Find Stability In Your Pivots
5 easy individual tango exercises so you can find control, balance and elegance in your tango pivots.
Even if you don’t have a partner, or feel wobbly when you are dancing.
#1. A perfect dissociation
We start by looking at your posture and alignment during the pivot, and how to use the dissociation to pivot.
Why are they important?
- The posture and alignment:
- It’s very common for tango students to lose their posture when pivoting, which throws them off-balance. If you feel wobbly when you are pivoting, it could be the reason as this is one of the most common tango mistakes. We want to help you correct your posture, so you are grounded throughout the dance.
- The dissociation:
- The Dissociation helps you be more controlled and precise in your pivoting, and, as a result, more connected. Also, it helps you create movements that come organically from your embrace, so you are moving “as one” with your partner.

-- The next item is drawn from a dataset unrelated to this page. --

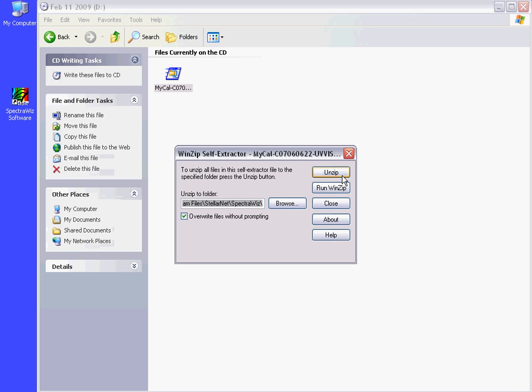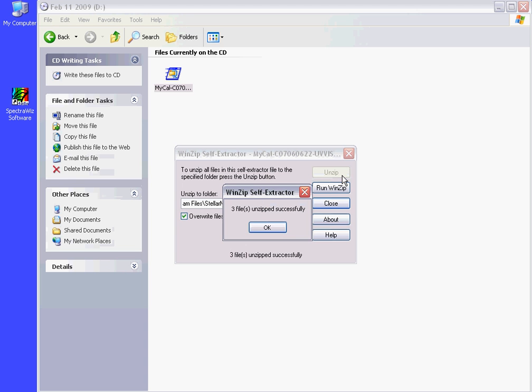You will be prompted to unzip the files to the SpectraWiz software directory. Three files will unzip successfully.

In this exercise, we show you how to practice the pivot with a perfect posture and dissociation, so you are always grounded and connected in the dance.
#2. More power in the pivots
Here, we are helping you find more Power in your pivots.
Why is it important?
In tango, power comes from 2 things:
- Our core muscles
- The “release” of the spiral in our body created by the dissociation
When dancers are still learning, they have a tendency to “look for” power from other parts of their bodies and contract them.

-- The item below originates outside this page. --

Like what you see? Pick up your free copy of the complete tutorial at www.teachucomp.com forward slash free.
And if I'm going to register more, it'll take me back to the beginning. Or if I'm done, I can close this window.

Usually, these body parts are the joints (hips, knees, toes) and, most importantly, the embrace.
This creates an uncomfortable experience for our partners.
So, our goal is to help you use the power of dissociation, so that you can relax the rest of the body and offer a comfortable, grounded embrace to your partner.
Let’s practice this with this exercise. It is similar to the one before, but we go a bit deeper…
#3. Better technique: decomposing the forward ocho
We’re soooo excited about what we are sharing with you here.
We are decomposing the forward ocho, inviting you to “do then correct” the most common Forward Ocho mistakes.
Why this is important:
We know that you know the ocho… You might even already practice them at home on your own.
(and if that’s the case, we commend you :), this is great!)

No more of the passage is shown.